よくある間違いとして、投資用不動産のローンの返済金を全額、経費にできると思っている人がいるそうです。ローンは元本の返済部分、利息の返済部分に分かれていますが、経費にできるのは利息の返済部分だけです。

「少し専門的になりますが、不動産の減価償却部分も経費にできます。減価償却というのはその物件が何年で償却できるかということを表すもので、毎年価値が減っているというふうに考えて、その価値の減額ぶんだけを経費にできます」

そのほか経費にできる可能性が高いのは、不動産会社や民泊サイトに支払った手数料、固定資産税などです。民泊なら、外注した清掃代、備品なども経費です。

勘違い5「65万円の控除が使える」

これも専門的になりますが、所得税には、届け出を出して複式簿記での帳簿作成など一定の条件を満たせば、所得から最大65万円の控除が受けられる「青色申告」という制度があります。

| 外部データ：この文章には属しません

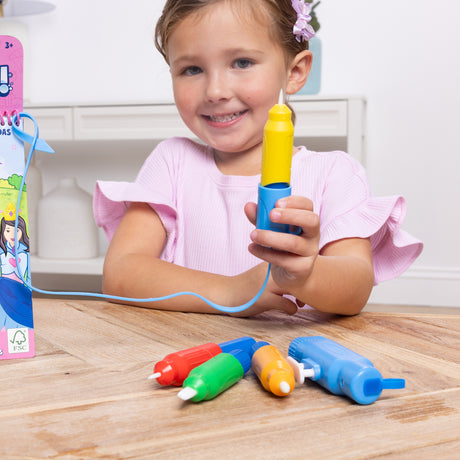 Water Wow Pen Pack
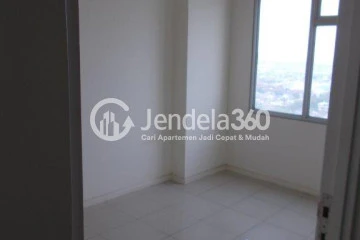 Bedroom 1 2BR Apartment with  View at Green Lake Sunter Apartment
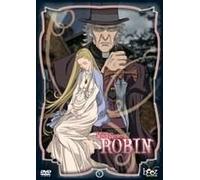 Witch hunter robin, vol. 5 [Francia] [DVD]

この制度のことを知り、ワンルームマンションなどの小規模な投資でも、65万円の控除が使えると思い込んでいる人がいるそうです。

「不動産所得で65万円の青色申告特別控除をとるのは大変なことです。そのためには『事業規模として認められる』必要があるのですが、規模の目安が、部屋であれば10以上、棟なら5棟以上という規模です。結構、厳しいんですよね」

ルール自体が今の時代に追いついていないのではないか、という意見も多いようですが、現在のところ、個人の不動産投資の場合、同じ青色申告でも年間10万円の控除が使えるほうを選択することになります。

勘違い6「何でも経費にできる」

確定申告, 勘違い, 副業 (写真=筆者撮影)

見た目はカジュアルな服装をした若者、でも実は月に100万円以上を稼ぐユーチューバー、アフィリエーター……。そうした人からの税金の相談もあるそうです。

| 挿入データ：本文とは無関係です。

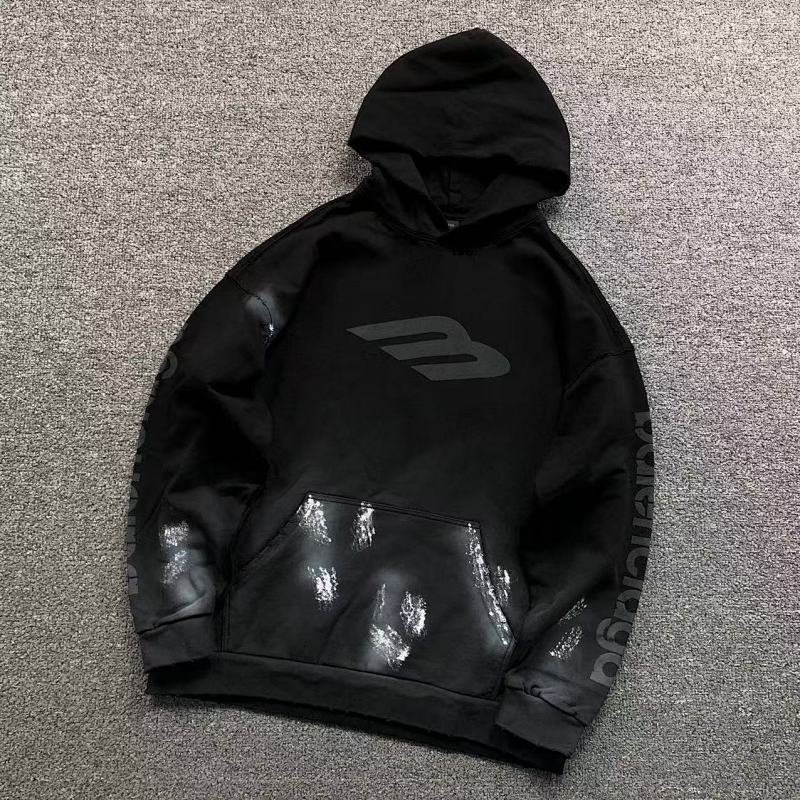 B L IA A Hoodie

「ユーチューバー、アフィリエーターは、その仕事がメインの仕事なら事業所得、副業なら雑所得になります。文字で書けば簡単で、『売上高から必要経費を引けば所得』になりますが、実際問題として、必要経費の部分は非常にグレーなところがあります」

例えば非常に高価な買い物を次々として、「こんなものを買いました!」と自分のYouTube で紹介した場合、買ったものはすべて経費にできるのでしょうか? どんな人が何を買ったかによって、経費にできるもの、認められないもの、と個々で判断することになるでしょう。

「旅行のブログを書いているから旅行の費用を全部経費にできるか、といった相談も結構多くなってきています」

基本的には、事業との関連性があるのなら経費にできますが、どこまでが関連性ありと見るのかにはグレーな部分がありますよね。

税務署は意外と把握しているもの

確定申告, 勘違い, 副業 (写真=筆者撮影)

日本の納税は納税者自らが行う申告納税制度です。

「このくらいはわからないだろう」と思っていても、税務署はきちんと誰がどれだけ稼いでいるかを、意外に把握しているものなのだそうです。

「いずれはマイナンバー制度で、誰がいくら稼いでいるかもっとわかりやすくなります。さかのぼって納税の状態を見ることもできるわけですから、申告するべきところがきちんと申告しておく。それが大事だと思います」

心当たりのある人は、しっかり申告しましょうね。